Trade and Industry Minister Rob Davies on Thursday announced the fifth version of South Africa’s Industrial Policy Action Plan (IPAP) in which he set out wide-ranging interventions to secure steel at “developmental prices’ and make it available to the downstream manufacturing industry.

“Obviously the whole idea is to supply steel cheaply so that manufacturers can make stuff and export it so that the country benefits,’ Minassian says. “But there isn’t enough play between high cost and low cost steel to make any country significantly more competitive.’ Government’s planned interventions are the wrong path to take.

The department of trade and industry (DTI) has long had gripes with the monopolistic, import-parity pricing policy that ArcelorMittal SA (Amsa) practices, which according to Davies, has repressed downstream beneficiation in the steel industry.

Says acting deputy director-general Garth Strachan: “We’ll have to start attracting foreign investors who are saying to us, “You can no longer provide cheap electricity; your labour is not cheap. What is your competitive advantage? Why should we invest in you?’ ‘

The DTI’s beneficiation strategy, Strachan believes, will be one of the magnets for investment. “That’s why all the regulatory instruments are being put in place to ensure competitive advantage becomes a global competitive advantage.’

But according to Minassian, there isn’t much government can do to make South Africa’s steel industry competitive – especially not by controlling steel prices and output. “I’m afraid there’s no solution to the problem. South Africa has to accept the fact that it’s too small to matter. This problem is not solvable.’

The agreement between Kumba Iron Ore (KIO) and Amsa which has allowed Amsa to buy iron ore from Kumba’s Sishen mine at highly preferential price levels has also done little to create a flourishing domestic steel market, Minassian says. “The problem is there’s a mismatch of capacity. We have more capacity to make steel than we need.’

The other dilemma is a manufacturer needs to produce as much as possible to bring the unit cost down, but then it is saddled with a surplus that has to be sold at a lower price.

Another aspect of the IPAP is government’s intention to create more competition in the steel industry by establishing a new steel producer with the aid of an international partner.

“I cannot see how this could succeed,’ says Minassian. “As it is, the industry cannot make a good return on their existing operations. How is government going to attract investment into a business that is making a loss? Unless it provides sufficient economic incentives – and I don’t think “cost plus’ iron ore will be sufficient.’

Meanwhile, a date has yet to be set for the arbitration between Amsa and Kumba over the pricing agreement dispute. Currently, the sale of iron ore from the Sishen Mine to Amsa is regulated in terms of an interim arrangement between them that was reached in December 2012.

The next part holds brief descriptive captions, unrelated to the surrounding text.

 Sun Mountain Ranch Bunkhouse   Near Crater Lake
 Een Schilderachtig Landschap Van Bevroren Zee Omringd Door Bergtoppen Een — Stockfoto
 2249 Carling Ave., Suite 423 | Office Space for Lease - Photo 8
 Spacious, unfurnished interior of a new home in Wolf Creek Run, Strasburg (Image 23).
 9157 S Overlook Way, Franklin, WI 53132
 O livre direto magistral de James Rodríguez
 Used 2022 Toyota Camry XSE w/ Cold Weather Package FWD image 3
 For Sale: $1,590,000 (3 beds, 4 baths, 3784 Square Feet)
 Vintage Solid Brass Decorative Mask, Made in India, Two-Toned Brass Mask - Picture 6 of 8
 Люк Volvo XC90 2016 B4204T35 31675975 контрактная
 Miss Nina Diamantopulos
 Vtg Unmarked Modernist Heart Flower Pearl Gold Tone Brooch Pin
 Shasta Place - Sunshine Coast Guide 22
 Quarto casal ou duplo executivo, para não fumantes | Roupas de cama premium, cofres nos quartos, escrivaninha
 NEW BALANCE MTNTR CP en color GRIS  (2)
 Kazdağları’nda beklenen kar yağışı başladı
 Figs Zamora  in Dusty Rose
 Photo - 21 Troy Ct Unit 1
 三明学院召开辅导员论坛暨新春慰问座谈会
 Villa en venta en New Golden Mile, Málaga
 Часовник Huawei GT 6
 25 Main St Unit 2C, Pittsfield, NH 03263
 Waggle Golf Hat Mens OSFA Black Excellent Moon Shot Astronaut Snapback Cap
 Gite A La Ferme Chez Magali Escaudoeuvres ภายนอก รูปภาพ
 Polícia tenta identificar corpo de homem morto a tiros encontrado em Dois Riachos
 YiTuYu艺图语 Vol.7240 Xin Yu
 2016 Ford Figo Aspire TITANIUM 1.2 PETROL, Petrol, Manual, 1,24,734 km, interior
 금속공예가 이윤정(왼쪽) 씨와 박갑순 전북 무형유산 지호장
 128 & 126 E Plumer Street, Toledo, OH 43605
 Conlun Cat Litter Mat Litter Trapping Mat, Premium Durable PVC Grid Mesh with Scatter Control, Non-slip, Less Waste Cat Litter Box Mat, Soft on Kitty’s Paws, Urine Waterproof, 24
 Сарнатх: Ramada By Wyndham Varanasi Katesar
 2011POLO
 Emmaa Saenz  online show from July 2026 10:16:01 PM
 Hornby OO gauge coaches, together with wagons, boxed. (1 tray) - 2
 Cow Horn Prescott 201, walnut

Minassian is of the view that the two parties should rather attempt to resolve the matter through negotiations as opposed to arbitration.

“Even if Kumba wins the dispute the problem won’t go away. How enforceable is it anyway? At the end of the day, if Kumba charge Mittal too much it will have to shut down capacity and government will be very upset,’ he says.

“The arbitration can only really benefit Mittal. If they win the dispute, the cost (of producing) plus the 3% mark-up remains.’